Sometimes we see that phrase – learning to walk – and think of it in terms of progressing upward from something below.
Or perhaps a wheelchair.
It was the opposite for me.
For the last decade I’ve been a fairly avid cyclist. Long climbs up twisty mountain roads and navigating around lakes at sunrise were my happy place. Until a couple years ago when a dull pain showed up (completely uninvited, I might add) in my left knee. It wasn’t terrible, but it was enough to keep me off the bike for a week. Then a month. Then almost a year.
Running make it worse. So did a half dozen other activities.
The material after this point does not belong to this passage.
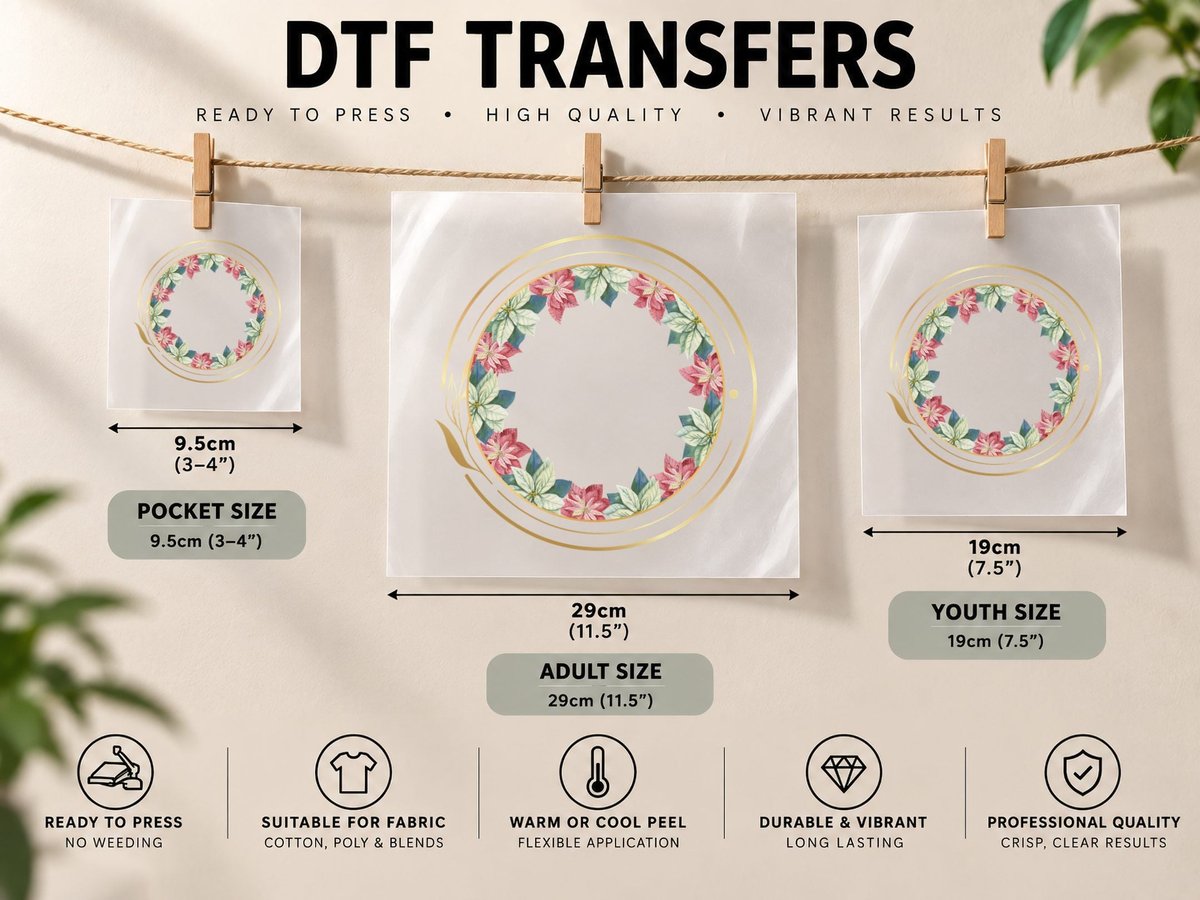 Festive Wreath with Poinsettias Watercolor Floral Wreath DTF Transfer Iron On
The only thing I could do, it turned out, was walk.
So I did.
Plodding along and making friends with the grandmas in my neighborhood (the only other people, it turns out, who walk in the morning) wasn’t my first choice, but those were my cards so I did my best to embrace it.
Early morning rides became early morning strolls.
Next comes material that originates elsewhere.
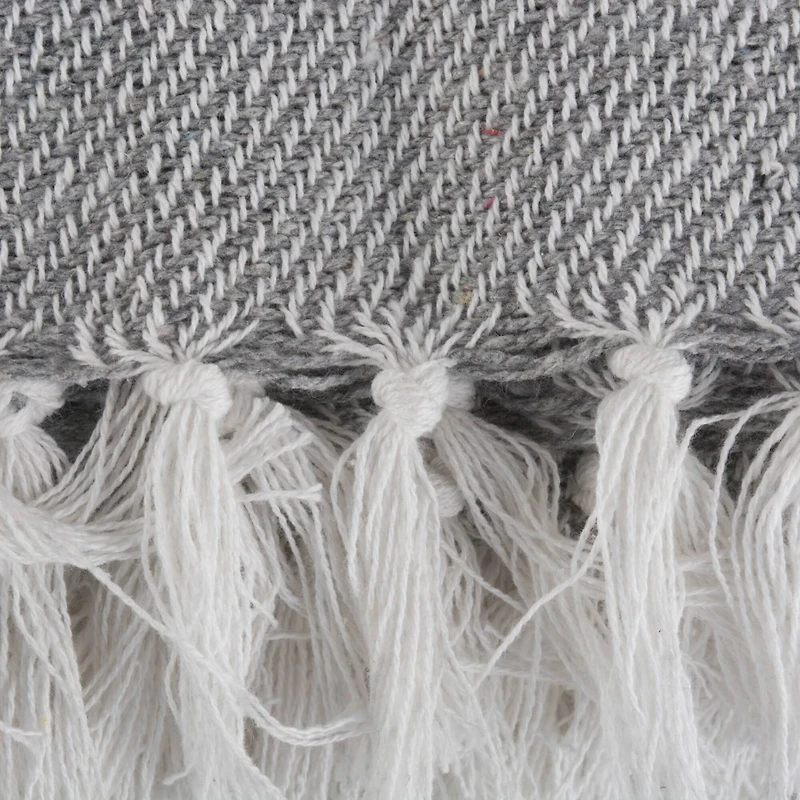 DII® Gray & White Thin Stripe Throw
Stereotypically jogging through the sand on family vacations became walking with my son while he napped in the stroller.
Friday afternoon spins up and over mountain roads became meandering hikes to the top of Nordic Valley.
When my flight was delayed on a business trip? You guessed it, I walked.
That last moment was one of those points when I started to realize what was happening.
I was in Stowe for work. I’d had a great week of meetings and the skiing had been incredible. My knee felt fine. But when my flight was delayed the thing I found myself most excited about wasn’t the fact that in 30 minutes I could be at Bolton Valley making a few more turns, it was the sign I’d noticed about a path alongside Lake Champlain.
In other words, walking wasn’t something I was settling for, I was something I was choosing to do.
I Know, I Know
Yes, walking isn’t cool or hip or trendy. But man, I’ve never found something that puts me in a better mood and mindset than a good stroll.
I’m happier, I think more clearly, I’m more optimistic, I get better ideas, I appreciate my surroundings more, I’m more observant, I’m less distracted, I’m more cheerful, and less concerned about the things I can’t control.
So, yeah, name is Gregg. And I love walking so much I wrote this blog post about it.